◆ Given records:
########
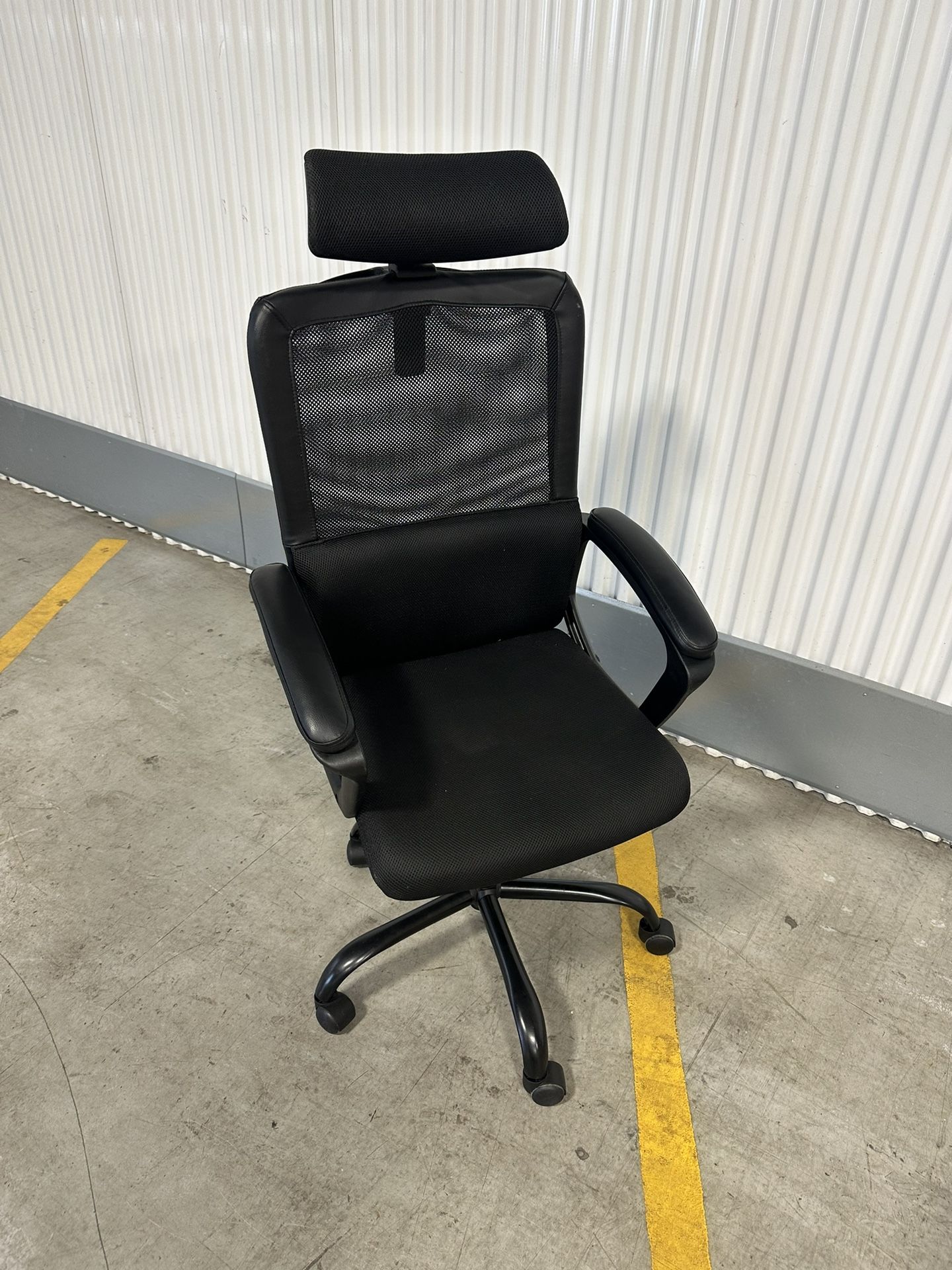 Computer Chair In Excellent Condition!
########
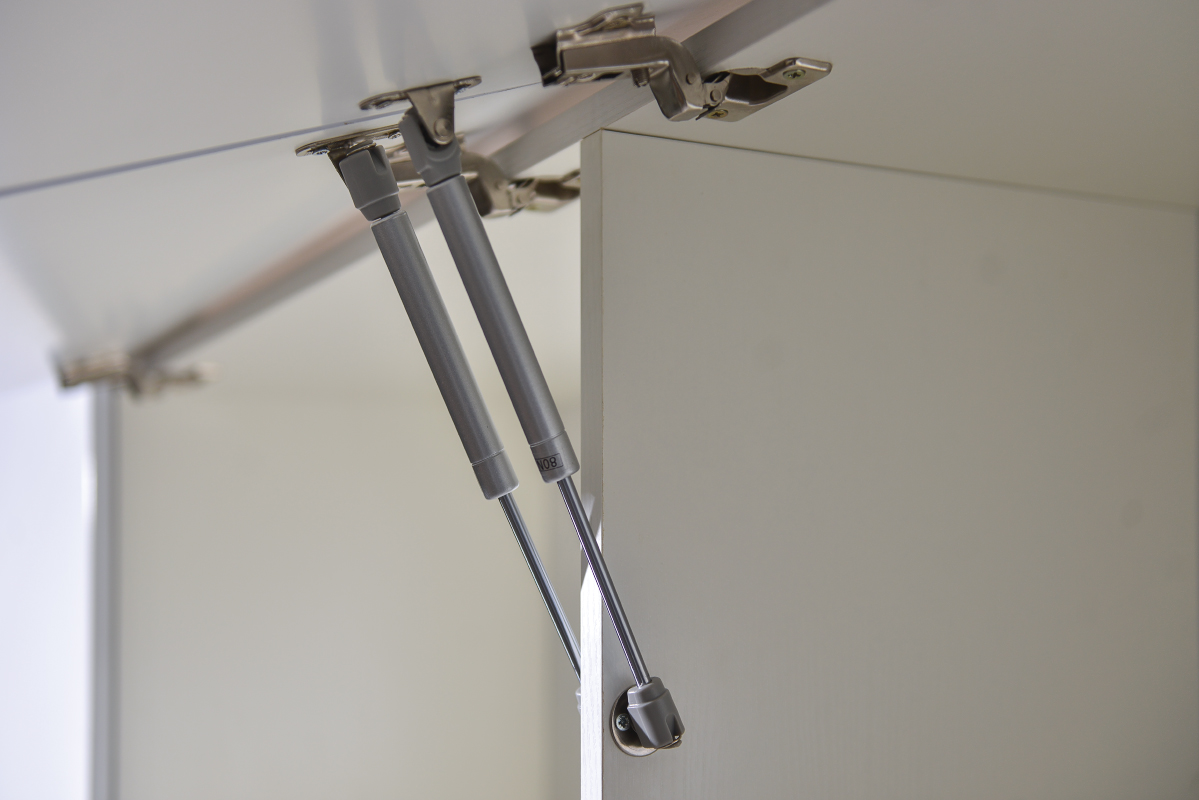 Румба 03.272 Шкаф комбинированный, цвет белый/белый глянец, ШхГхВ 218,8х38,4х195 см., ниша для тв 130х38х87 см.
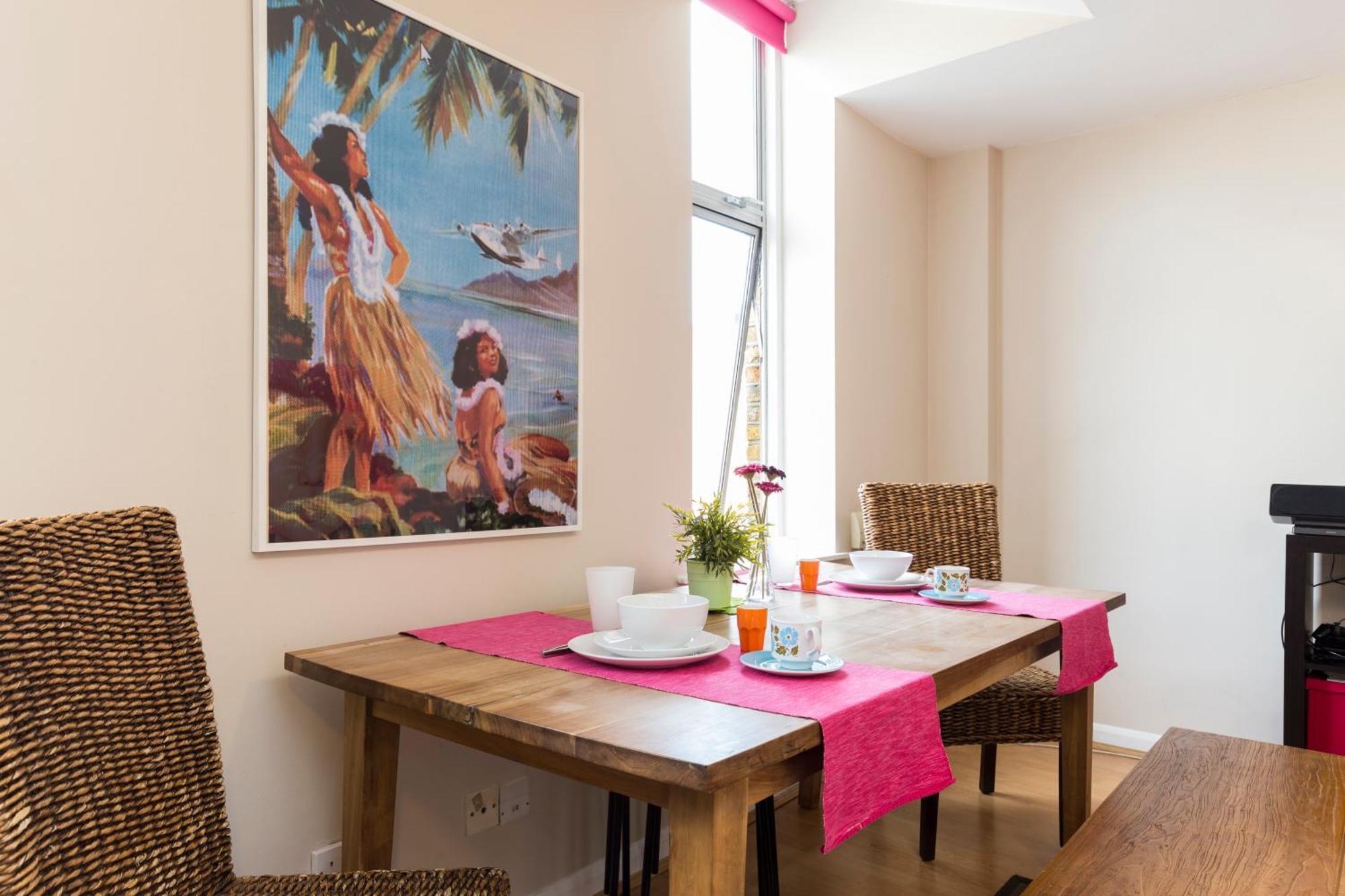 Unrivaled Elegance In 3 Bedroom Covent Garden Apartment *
########
◆ Task brief: Copy exactly the part of the material above that opens with the line containing "Румба 03.272 Шкаф" and closes with the line containing "Unrivaled Elegance In", ends included. Drop the images.

◆ The completed task:
 Румба 03.272 Шкаф комбинированный, цвет белый/белый глянец, ШхГхВ 218,8х38,4х195 см., ниша для тв 130х38х87 см.
 Unrivaled Elegance In 3 Bedroom Covent Garden Apartment *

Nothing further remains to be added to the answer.